# [DATA EXTRACT]
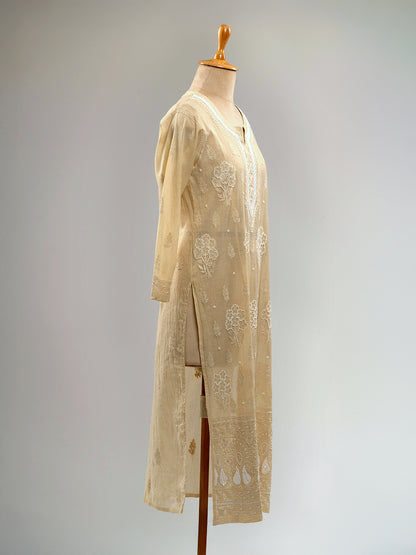 Pearl-Embellished Chikankari Kurti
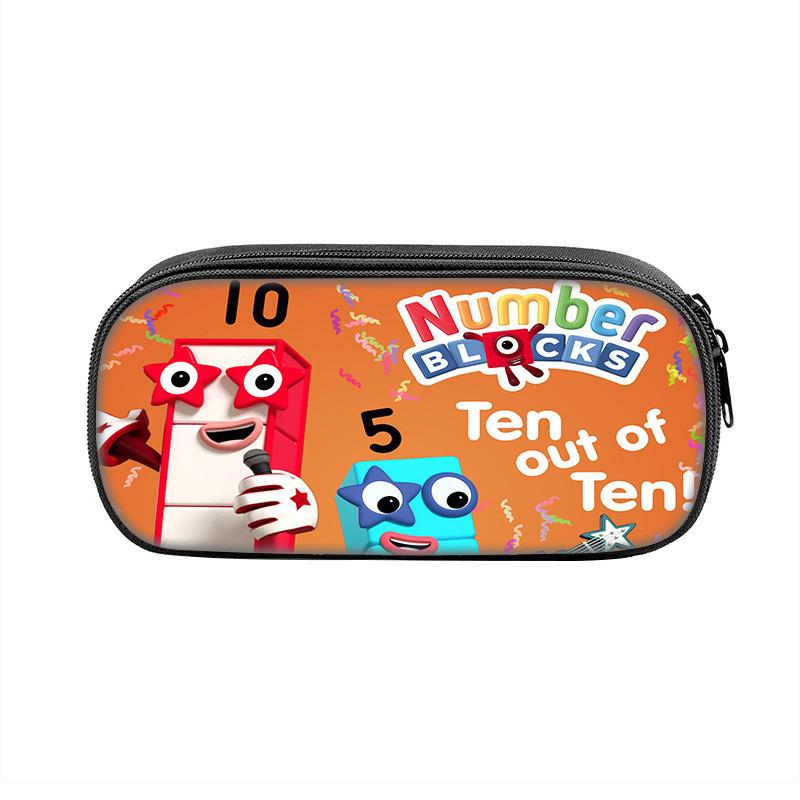 Numberblocks Federmäppchen mit großer Kapazität Nylon-Aufbewahrungstasche für Schüler und Kinder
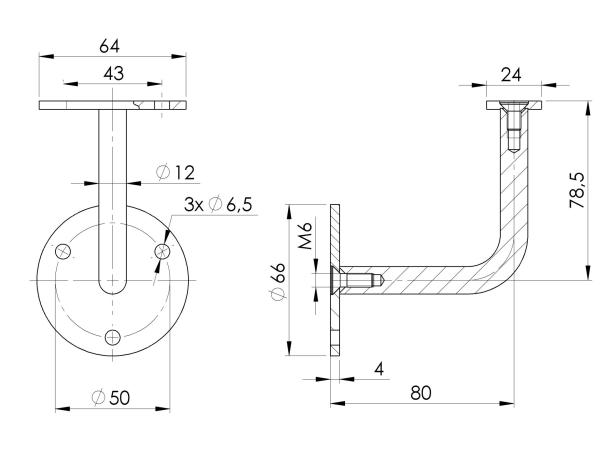 Handlaufhalter an die Wand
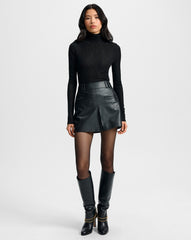 Pavaline Vegan Leather Mini Skirt in Black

# [YOUR INSTRUCTIONS]
A word-for-word restatement of all the lines above is needed, with the pictures omitted.

# [ANSWER FOR THE TASK]
 Pearl-Embellished Chikankari Kurti
 Numberblocks Federmäppchen mit großer Kapazität Nylon-Aufbewahrungstasche für Schüler und Kinder
 Handlaufhalter an die Wand
 Pavaline Vegan Leather Mini Skirt in Black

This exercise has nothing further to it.